Monopolisation of Data
As the internet’s popularity has grown over the last 20 years, the scale of the premier internet companies like Facebook, Google and Microsoft have also grown tremendously. These companies have access to a large amount of user data such as browsing patterns, birthdays, geolocation data and pictures of their users. This data is very valuable for advertisers and retailers because it helps them market their products more effectively. As it stands now, users get no say in how their private information is sold and used. Internet companies get immense value out of selling their users’ personal data because this data can be mined to glean valuable information. Even the value of these social networks comes largely from the users that share posts and pictures on their platforms. Therefore, blockchain can help us create Web 3.0 where everyone gets to be in charge of their personal information and use it however they wish to.
How Can Blockchain Help?
Blockchain is universal shared ledgers that cannot be tampered with. They provide a way to identify users over the internet using cryptographically secure private keys that cannot be forged. This allows people’s personal data to be linked to their private key and for them to directly be consulted anytime that information is requested. Big Data refers to data sets that are too large and complex for traditional software programs to be processed. Machine learning and data mining are two processes that can decompose these large data sets to learn underlying information. Big Data can be used to learn about browsing patterns, design language processing and even help train self-driving cars. The models that are used to glean this information from Big Data sets rely heavily on the quality and authenticity of the data received. This is where blockchain can greatly benefit Big Data processing:
- Data Validation – A lot of resources are spent on manually validating data when its acquired from a third party. Blockchain can greatly reduce this overhead and reduce fraudulent data by automating data validation using smart contract technology. For instance, Lenovo has begun using blockchain to validate physical documents by encoding a digital signature in physical documents.
- Data Storage – Decentralized file storage is one of the most exciting uses of blockchain by far. By utilizing the unused storage space in people’s devices across the world, projects like FileCoin and Sia are looking to disrupt the cloud storage industry.
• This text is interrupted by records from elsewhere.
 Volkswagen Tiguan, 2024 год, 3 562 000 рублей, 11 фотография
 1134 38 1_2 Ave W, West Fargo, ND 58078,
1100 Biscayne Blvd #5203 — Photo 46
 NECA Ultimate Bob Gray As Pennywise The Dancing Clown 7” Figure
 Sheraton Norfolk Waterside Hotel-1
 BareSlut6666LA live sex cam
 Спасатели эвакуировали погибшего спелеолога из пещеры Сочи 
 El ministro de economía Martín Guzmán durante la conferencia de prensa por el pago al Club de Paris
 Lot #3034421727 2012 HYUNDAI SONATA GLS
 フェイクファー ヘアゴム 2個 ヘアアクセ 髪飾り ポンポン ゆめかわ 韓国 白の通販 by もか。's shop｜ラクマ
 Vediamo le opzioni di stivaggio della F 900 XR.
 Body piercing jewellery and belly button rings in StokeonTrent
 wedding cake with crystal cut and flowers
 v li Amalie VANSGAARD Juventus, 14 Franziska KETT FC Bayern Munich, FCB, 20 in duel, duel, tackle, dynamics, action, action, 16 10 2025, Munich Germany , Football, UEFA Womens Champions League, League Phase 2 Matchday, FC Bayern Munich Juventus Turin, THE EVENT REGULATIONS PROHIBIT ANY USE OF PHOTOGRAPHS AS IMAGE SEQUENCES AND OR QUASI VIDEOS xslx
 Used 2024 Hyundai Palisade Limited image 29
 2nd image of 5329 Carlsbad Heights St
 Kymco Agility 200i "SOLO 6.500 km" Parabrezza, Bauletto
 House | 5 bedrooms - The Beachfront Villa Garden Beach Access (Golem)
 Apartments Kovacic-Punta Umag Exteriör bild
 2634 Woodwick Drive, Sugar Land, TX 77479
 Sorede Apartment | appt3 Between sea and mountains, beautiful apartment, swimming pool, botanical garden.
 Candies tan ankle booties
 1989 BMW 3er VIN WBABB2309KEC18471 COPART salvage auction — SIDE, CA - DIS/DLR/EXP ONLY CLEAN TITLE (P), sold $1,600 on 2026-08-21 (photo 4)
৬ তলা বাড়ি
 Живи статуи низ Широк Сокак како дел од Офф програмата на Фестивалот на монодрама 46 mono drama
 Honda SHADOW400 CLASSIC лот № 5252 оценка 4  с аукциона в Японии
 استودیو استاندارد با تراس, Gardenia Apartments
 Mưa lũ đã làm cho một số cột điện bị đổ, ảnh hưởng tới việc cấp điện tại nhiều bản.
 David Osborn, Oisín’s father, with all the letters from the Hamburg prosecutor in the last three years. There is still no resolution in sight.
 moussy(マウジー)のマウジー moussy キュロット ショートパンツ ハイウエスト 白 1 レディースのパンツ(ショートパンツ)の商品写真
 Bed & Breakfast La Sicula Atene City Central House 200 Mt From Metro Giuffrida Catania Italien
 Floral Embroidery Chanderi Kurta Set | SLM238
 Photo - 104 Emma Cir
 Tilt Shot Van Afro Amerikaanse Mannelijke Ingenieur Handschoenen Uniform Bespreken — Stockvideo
As Big Data processing evolves, ever increasing amounts of storage are going to be required. Leading cloud storage services like Amazon S3 charge up to 10 times more compared to Sia. In fact, 1TB of files stored on the Sia network cost about $2 per month, compared to a whopping $23 on Amazon S3!
- Data Privacy & Security – Centralized data storage is decidedly insecure as is evident from the numerous reports of data breaches from top companies like Equifax and Facebook. A centralized form of data storage suffer from a single source of failure and are susceptible to disgruntled employees and malicious hackers on the internet. Blockchain services like Civic allow data to be stored on the blockchain and for users to approve every request for their data through a mobile app. Data privacy using Civic combined with services like IOTA’s big data marketplace would allow this data to be traded with the complete knowledge of the user and make it available directly to the companies who want to examine it.